# Mico fertilizer comparison



## modster (Jun 16, 2007)

I remember seeing a website that compares the content of flourish, flourish trace and kent plant supplement, but i can't find it anymore. Can someone give me a link to that?


----------



## Left C (Jun 14, 2005)

Here's a chart. The first page can be a little misleading. Be sure to click on page 2 for more info: http://www.gpodio.com/fert_table.asp

This is a calculator: http://www.fishfriend.com/fertfriend.html


----------



## modster (Jun 16, 2007)

Left C said:


> Here's a chart. The first page can be a little misleading. Be sure to click on page 2 for more info: http://www.gpodio.com/fert_table.asp
> 
> This is a calculator: http://www.fishfriend.com/fertfriend.html


Thanks, that is the site that i was talking about. It seems like kent plant supplement contains no boron. Do you think it would be a problem?


----------



## Left C (Jun 14, 2005)

Do you have enough Boron in your tap water?


----------



## modster (Jun 16, 2007)

Left C said:


> Do you have enough Boron in your tap water?


I use RO water and Equilibrium.


----------



## Left C (Jun 14, 2005)

I'm sorry that I can't help you with your Boron question.

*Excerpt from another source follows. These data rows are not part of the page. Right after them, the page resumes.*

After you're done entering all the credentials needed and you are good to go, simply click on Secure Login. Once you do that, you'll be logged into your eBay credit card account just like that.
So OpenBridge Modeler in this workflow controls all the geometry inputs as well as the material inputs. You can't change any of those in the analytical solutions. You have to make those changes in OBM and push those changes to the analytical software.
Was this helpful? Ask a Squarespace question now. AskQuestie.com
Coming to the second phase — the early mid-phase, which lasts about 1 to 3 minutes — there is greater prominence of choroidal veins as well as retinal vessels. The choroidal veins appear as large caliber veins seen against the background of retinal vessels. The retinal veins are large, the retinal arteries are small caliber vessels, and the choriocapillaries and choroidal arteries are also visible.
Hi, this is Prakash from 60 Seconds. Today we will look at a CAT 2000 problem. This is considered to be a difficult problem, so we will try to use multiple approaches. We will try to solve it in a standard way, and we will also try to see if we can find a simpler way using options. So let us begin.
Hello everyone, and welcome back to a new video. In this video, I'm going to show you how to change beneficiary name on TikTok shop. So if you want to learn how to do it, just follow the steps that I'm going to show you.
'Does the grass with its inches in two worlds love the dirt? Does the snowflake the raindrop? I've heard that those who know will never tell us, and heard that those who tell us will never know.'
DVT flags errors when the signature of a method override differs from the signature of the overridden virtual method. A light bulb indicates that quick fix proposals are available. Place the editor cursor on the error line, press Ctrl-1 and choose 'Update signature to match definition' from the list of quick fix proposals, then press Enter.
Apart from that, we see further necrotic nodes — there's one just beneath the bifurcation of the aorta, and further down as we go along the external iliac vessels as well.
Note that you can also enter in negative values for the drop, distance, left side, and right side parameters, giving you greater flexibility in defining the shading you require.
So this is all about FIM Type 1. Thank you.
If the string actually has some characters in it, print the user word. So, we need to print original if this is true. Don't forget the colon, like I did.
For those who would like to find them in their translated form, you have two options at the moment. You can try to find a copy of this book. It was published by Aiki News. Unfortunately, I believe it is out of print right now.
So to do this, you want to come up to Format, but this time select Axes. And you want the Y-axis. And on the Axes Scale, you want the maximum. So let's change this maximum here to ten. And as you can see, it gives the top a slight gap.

I was hoping that you used tap water. Then you could get a water quality report to go by.


----------



## ray-the-pilot (May 14, 2008)

*Water Quality Report*



Left C said:


> I was hoping that you used tap water. Then you could get a water quality report to go by.


Boron is not a reportable contaminant in public water supplies; so, it is not usually available in a water quality report. Does your water supplier provide this information?


----------